Scenario: The following tables where sent to you as lists of orders. You want to know which table includes all orders.

image

Solution

One important test is to verify how many unique records are on each table.  This will allow us to quickly understand if there are duplicates on either one.

For this, two DAX measures can be used (two for each table):

CountRowsTable1:=COUNTROWS(Table1)

DistinctCountOrdersTable1:=DISTINCTCOUNT(Table1[Orders])

CountRowsTable2:=COUNTROWS(Table2)

DistinctCountOrdersTable2:=DISTINCTCOUNT(Table2[Orders])

Here are the results:

Table1
image

 

Table2
image

 

We now see there appears to be a duplicate value on Table1. We can now use two calculated columns (one each table) to further investigate:

TABLE 1

=CALCULATE( COUNTROWS( Table2 ),

               FILTER( Table2, Table2[Orders] = Table1[Orders] ) )

image

 

TABLE 2

=CALCULATE( COUNTROWS( Table1 ),

               FILTER( Table1, Table1[Orders] = Table2[Orders] ) )

 image

This calculation counts the rows on the other table, but only those rows that survived the filter applied:  an equality condition based on the Order number in the current row context.
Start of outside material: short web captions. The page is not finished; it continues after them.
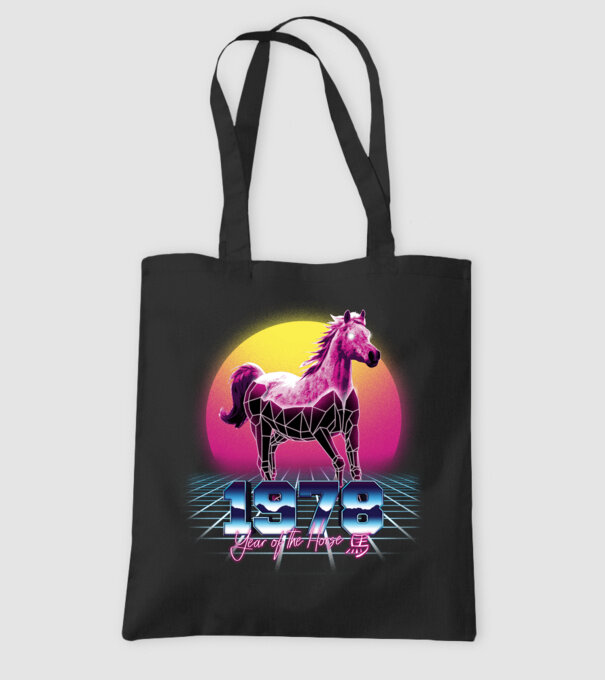 1978 Year of the Horse model negru pe tricou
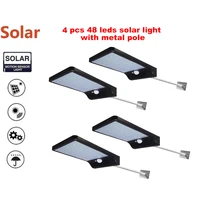 2/4pcs 48 LEDs Solar lamp Wall lamp Wireless PIR Motion Sensor Solar Power Outdoor Waterproof Street Path Garden Security light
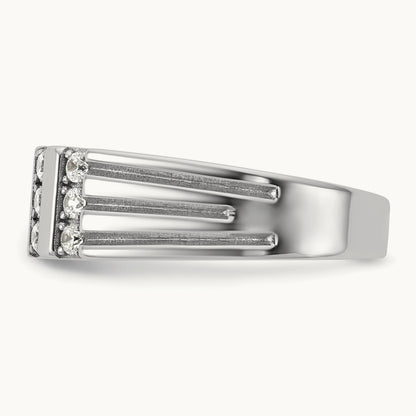 IB Goodman Mens Polished Complete 1/3ct Diamond Ring, 14K White Gold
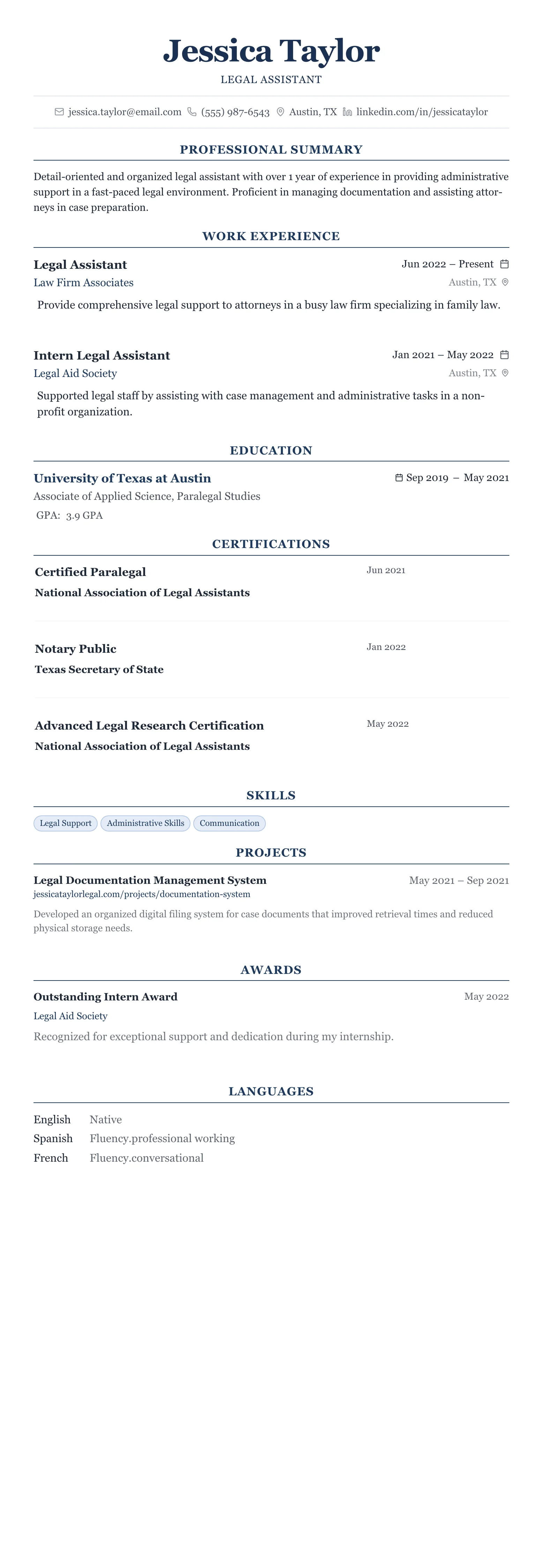 The Centered Formal template preview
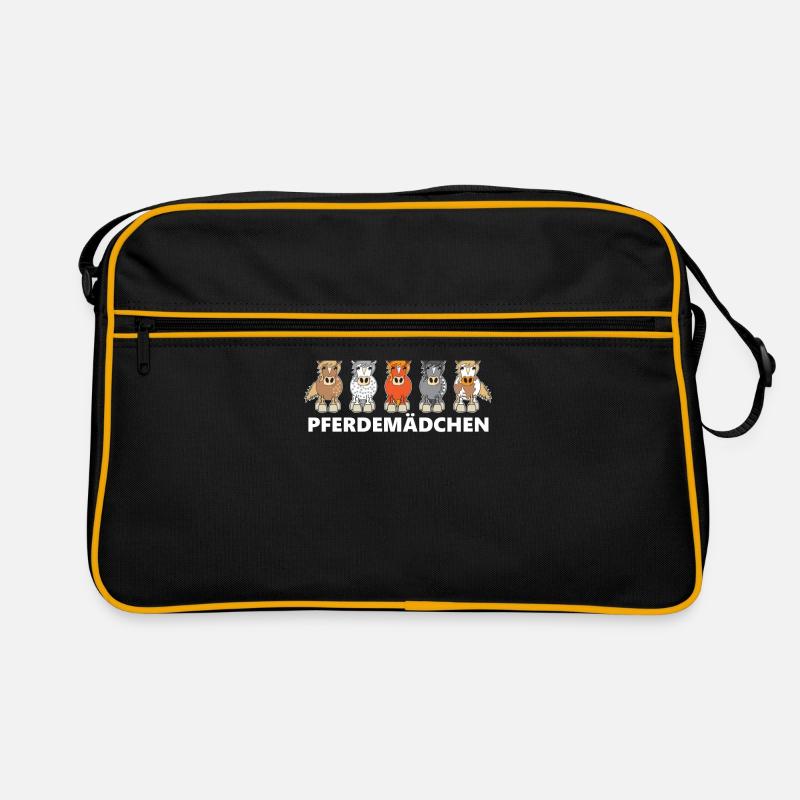 Pferdemädchen Pferde Reiten - Retro Tasche - Schwarz/Gold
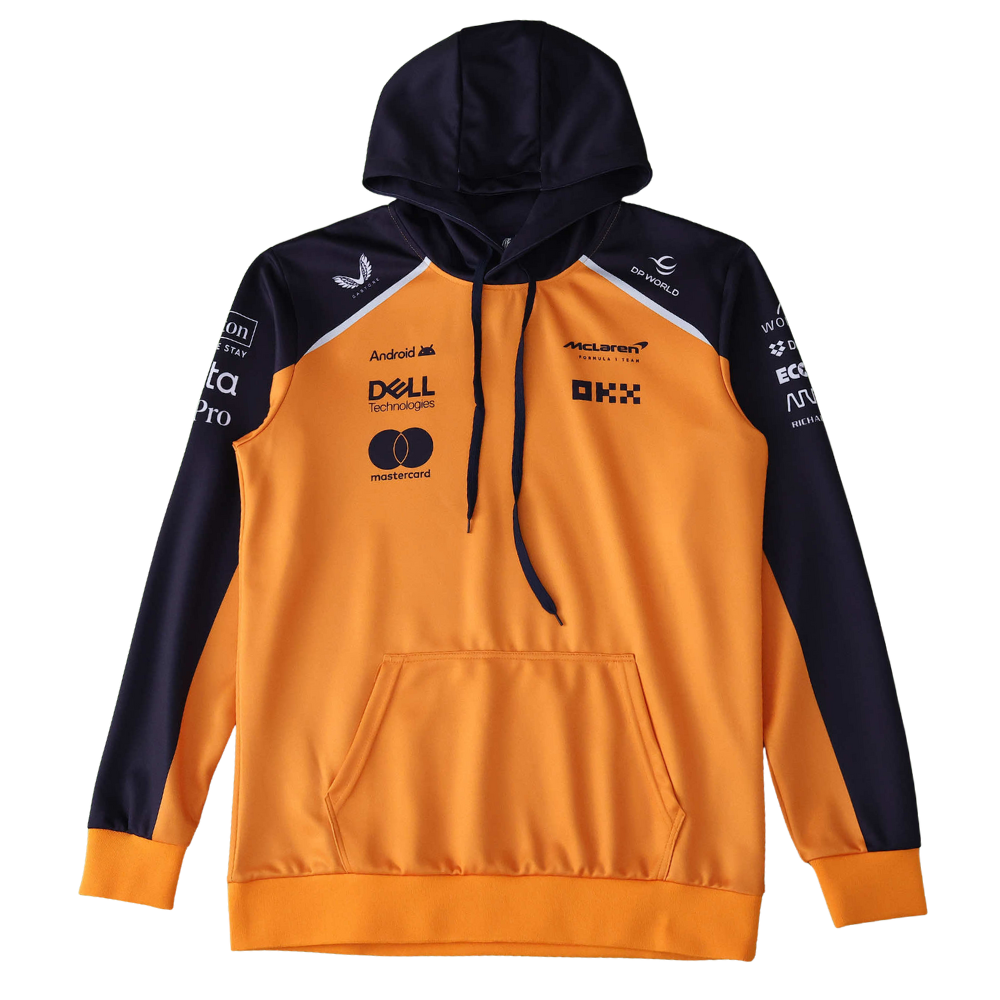 McLaren F1 team hoodie with sponsor logos, orange and navy, from revnhaus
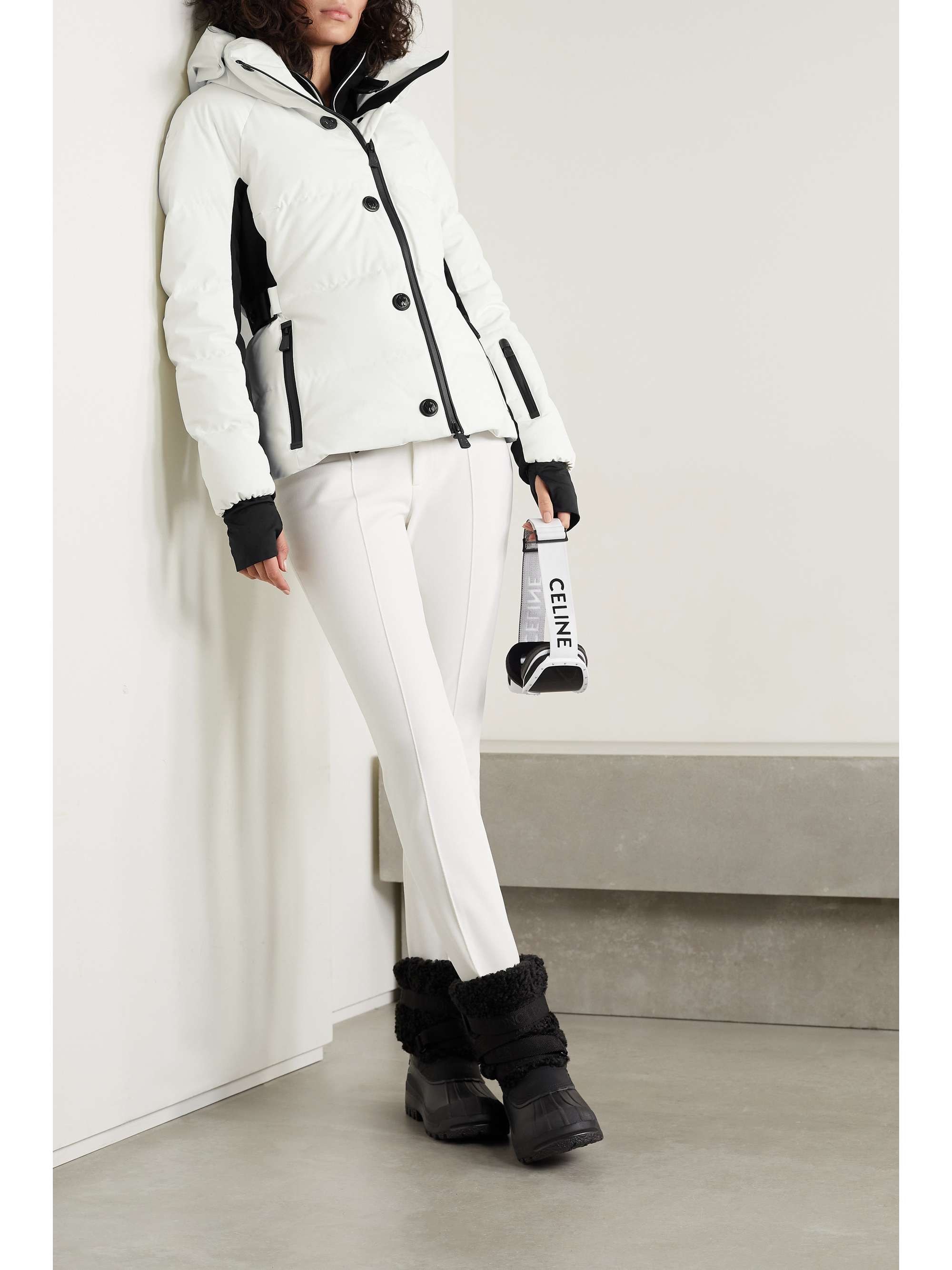 Guyane hooded jersey-trimmed quilted shell down jacket view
With these results we can now see all values on Table1 are represented on Table2.  However, looking at the results on Table2 we see one value is not represented on Table1: Order # 100.  Not only that, but Order # 116 appears twice.

If we switch back to Table1 in the PowerPivot window, we can confirm this by filtering the column:

image

With this knowledge we can now be certain to select Table2 as our lookup (dimension equivalent) in the model, as it is the only one that has a comprehensive list of all order values and only unique entries.

In case neither table had a full list or order values, other techniques like the ones described here, here or here could be the applied to the same data in order to develop a valid PowerPivot (or BISM Tabular) lookup table, and in turn, a maintainable model.